Mardi, Trump a réitéré son affirmation selon laquelle les États-Unis maintiennent un "contrôle total" sur le détroit d'Ormuz, rejetant les tentatives de l'Iran d'exercer une influence sur la région. Lors d'une conférence de presse après son retour de l'Ohio, il a averti que l'Iran pouvait soit accepter les pressions économiques actuellement appliquées, soit risquer de faire face à un "blowback" s'il défiait les forces américaines.
Selon le commandement central américain, un hélicoptère de la marine MH-60 a frappé la salle des machines du M/V Vela Nova battant pavillon panaméen, désactivant son équipement de direction et l'empêchant de se diriger vers l'Iran.
Dans une interview préenregistrée avec Real America's Voice, il a décrit trois approches potentielles: maintenir le cours actuel de la pression économique, intensifier l'action militaire ou poursuivre une forme plus agressive de guerre économique. Il a souligné que l'Iran était économiquement affaibli, citant l'hyperinflation et l'incapacité du régime à payer ses soldats.
Cependant, les deux parties ont durci leurs positions, l'Iran exigeant que les États-Unis mettent fin à leur blocus naval, lèvent les sanctions, décongèlent les actifs et indemnisent les dommages liés à la guerre. En réponse, Trump a répliqué en exigeant que l'Iran paie des réparations pour les morts et les blessés causés par ses actions, y compris ceux attribués aux bombes au bord de la route et au meurtre de manifestants au cours des 50 dernières années.

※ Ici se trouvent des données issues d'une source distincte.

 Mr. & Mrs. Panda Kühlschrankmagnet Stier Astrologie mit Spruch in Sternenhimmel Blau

La situation est encore compliquée par l'implication d'Oman, qui a facilité les discussions visant à établir une route maritime temporaire à travers le détroit d'Ormuz.

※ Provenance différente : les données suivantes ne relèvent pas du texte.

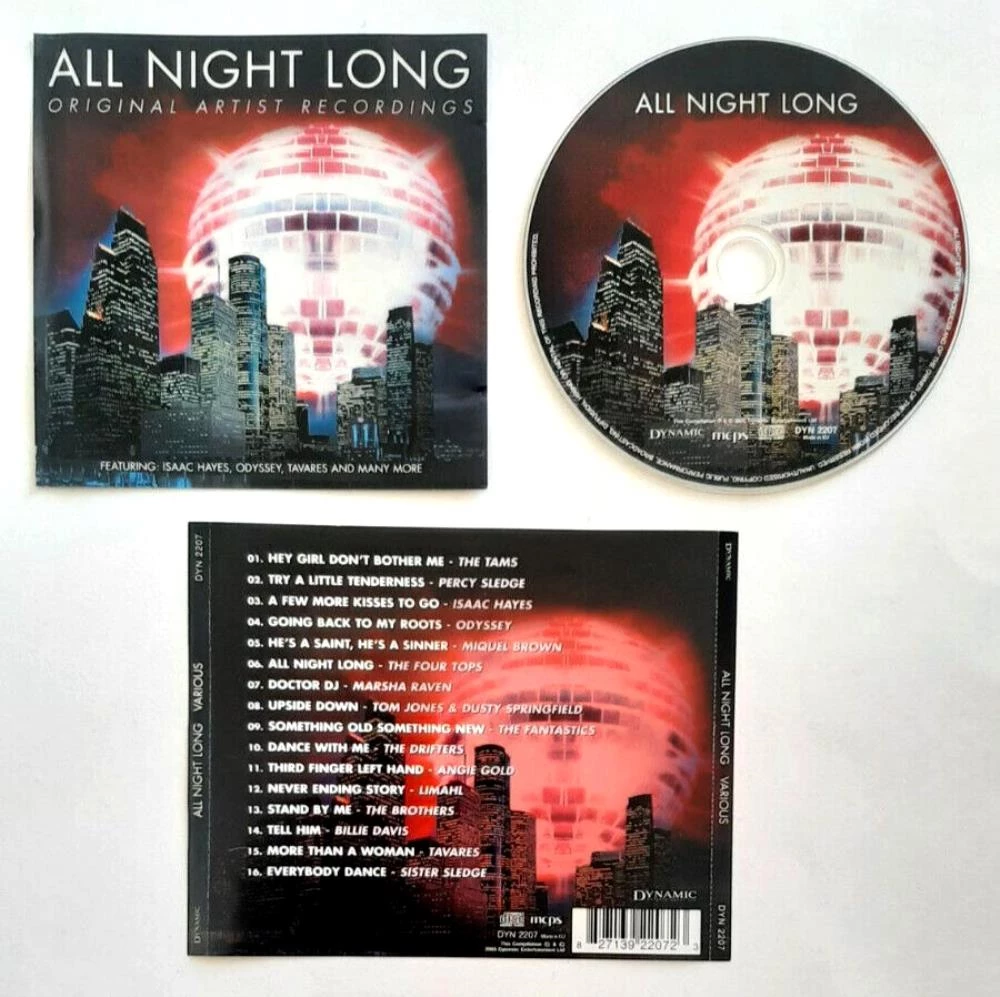 Issac Hayes, Four Tops, Tavares & More - All Night Long CD (2006) New Audio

Le porte-parole du ministère iranien des Affaires étrangères, Esmaeil Baghaei, a souligné que les négociations avec Oman sont distinctes du différend plus large avec les États-Unis, avertissant que le détroit d'Ormuz ne sera pas un passage sûr tant que les États-Unis poursuivront leurs politiques et leur blocus naval.

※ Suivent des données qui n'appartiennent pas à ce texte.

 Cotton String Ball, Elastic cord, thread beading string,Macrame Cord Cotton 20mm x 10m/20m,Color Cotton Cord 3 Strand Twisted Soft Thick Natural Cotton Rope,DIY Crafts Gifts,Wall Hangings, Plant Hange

Pendant ce temps, l'Iran est confronté à des troubles internes, avec des rapports indiquant que les citoyens ordinaires sont aux prises avec une inflation en hausse et des ressources en baisse. Le journal iranien Jahan-e Sanat a récemment documenté des cas de vol à l'étalage et de consommation d'aliments dans les magasins en raison de difficultés financières, soulignant la gravité de la crise économique. La communauté internationale reste divisée sur les perspectives d'une résolution. Certains analystes soutiennent que la position de Trump s'affaiblit, permettant à l'Iran de faire pression pour plus de concessions. D'autres estiment que la situation est trop volatile pour donner bientôt un résultat définitif.
Quelle que soit la voie à suivre, les enjeux restent élevés, le sort des approvisionnements énergétiques mondiaux étant en jeu.